You are viewing a plain text version of this content. The canonical link for it is here.
Posted to user@mesos.apache.org by Ying Ji <ji...@gmail.com> on 2015/07/02 02:08:38 UTC

Questions about Framework/Scheduler

Hey, I am new to mesos and just start to investigate it. I have a fundament
question about Framework

Assume i am using a long live framework, how the mesos master detect the
framework in unavailable , such as some network error or some internal
error from the framework ? (I can not find it at mater.cpp.
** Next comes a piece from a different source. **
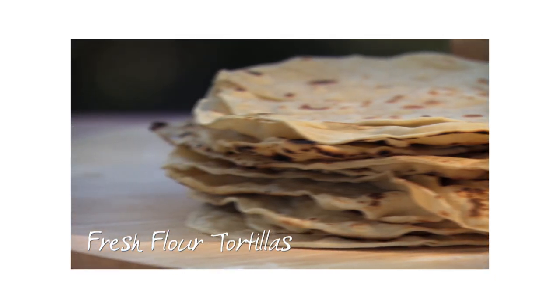You never have to go far in Mexico to find fresh flour tortillas. I'm making mine tonight to go with my spicy beans and the pulled pork.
Could you
please point out the source code for me ?)The framework has been registered
to the master successfully, and has successfully run for a whole.

Thanks

Ying

Re: Questions about Framework/Scheduler

Posted by Adam Bordelon <ad...@mesosphere.io>.
See Master::exited()
https://github.com/apache/mesos/blob/0.22.1/src/master/master.cpp#L878
which derives from Process::exited()
https://github.com/apache/mesos/blob/0.22.1/3rdparty/libprocess/include/process/process.hpp#L55
In the event of a temporary network partition, the Mesos master will
continue trying to send offer/status/etc. messages to the framework
scheduler. Since status messages are reliable at-least once delivery, they
are actually queued up (per task) on the slave until an acknowledgement is
received from scheduler.

On Wed, Jul 1, 2015 at 5:08 PM, Ying Ji <ji...@gmail.com> wrote:

> Hey, I am new to mesos and just start to investigate it. I have a
> fundament question about Framework
>
> Assume i am using a long live framework, how the mesos master detect the
> framework in unavailable , such as some network error or some internal
> error from the framework ? (I can not find it at mater.cpp. Could you
> please point out the source code for me ?)The framework has been registered
> to the master successfully, and has successfully run for a whole.
>
> Thanks
>
> Ying
>